Can’t see the pavement because of yesterday’s blizzard? Well, just do your best and have fun with it. As someone who has multiple interests, it can be overwhelming to get it all done. But in general, we should always strive to finish what we start, hopefully at 100%, but sometimes it at less.
- Be empowered. Embrace your strengths. Being a mid-distance runner has somehow elevated me among my acquaintances and friends to a different echelon of ‘fitness people’, hardcore, they say. I don’t know how it happened, I hit the perfunctory 5 mile mark one April day and knew I was in a new club. From that day onward, I started going out for 10 mile runs no big deal. If you find yourself saying to someone, “I only ran 5 miles today”, then you know what I’m talking about. You’re a beast and you know it (at least now you do). Life lesson here (and verse from the Qur’an) is we are always capable of more than we think we can handle. Stop that negative self-talk and rise above it. (I love Runner’s World’s columnist Marc Parent’s article on getting to five miles).
- Running is for me, myself and I. I love to run alone on the pavement. But I do enjoy running with company, and do so 1-2x a week.

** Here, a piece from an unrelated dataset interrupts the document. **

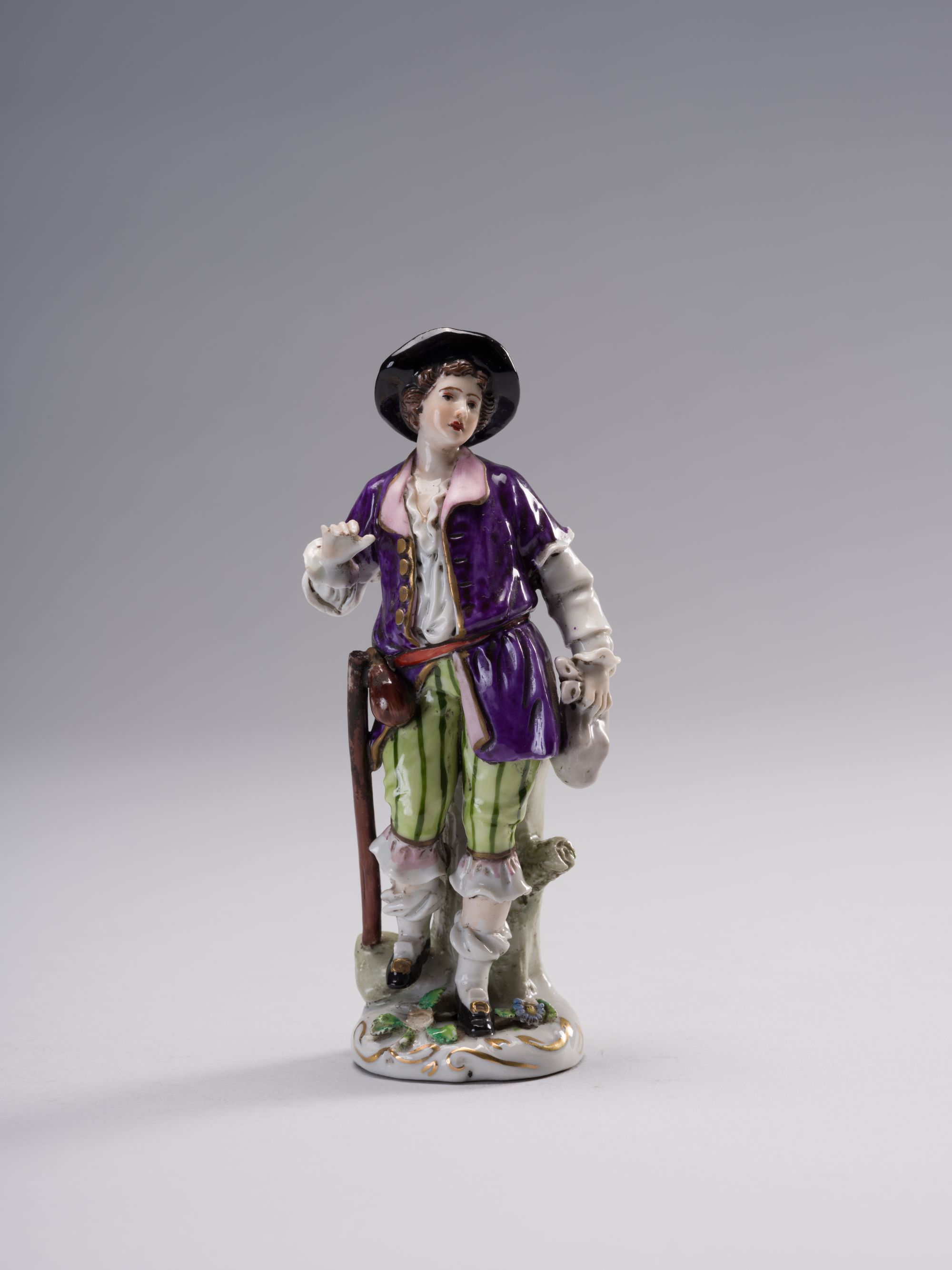 Young Man in a Hat Figurine 1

We build our self efficacy when we are alone, and increase our self esteem when we join others. We feel good about ourselves when we do something good together.
Consider volunteering, it is always more impactful to the community or organization in aggregate, and we get to hang out with family and friends. However the true benefit you get from making a difference is an individual experience. In the end, YOU have to feel good about yourself when giving YOUR time to a cause, not the time of your friends or family.
- Have a sense of humor. Seriously, if you can’t laugh at yourself, you’re fooling yourself. Yes you are important but there are bigger things to worry about around the world. Life is too short and unpredictable, make the best of every day, count your blessings, and be good to others.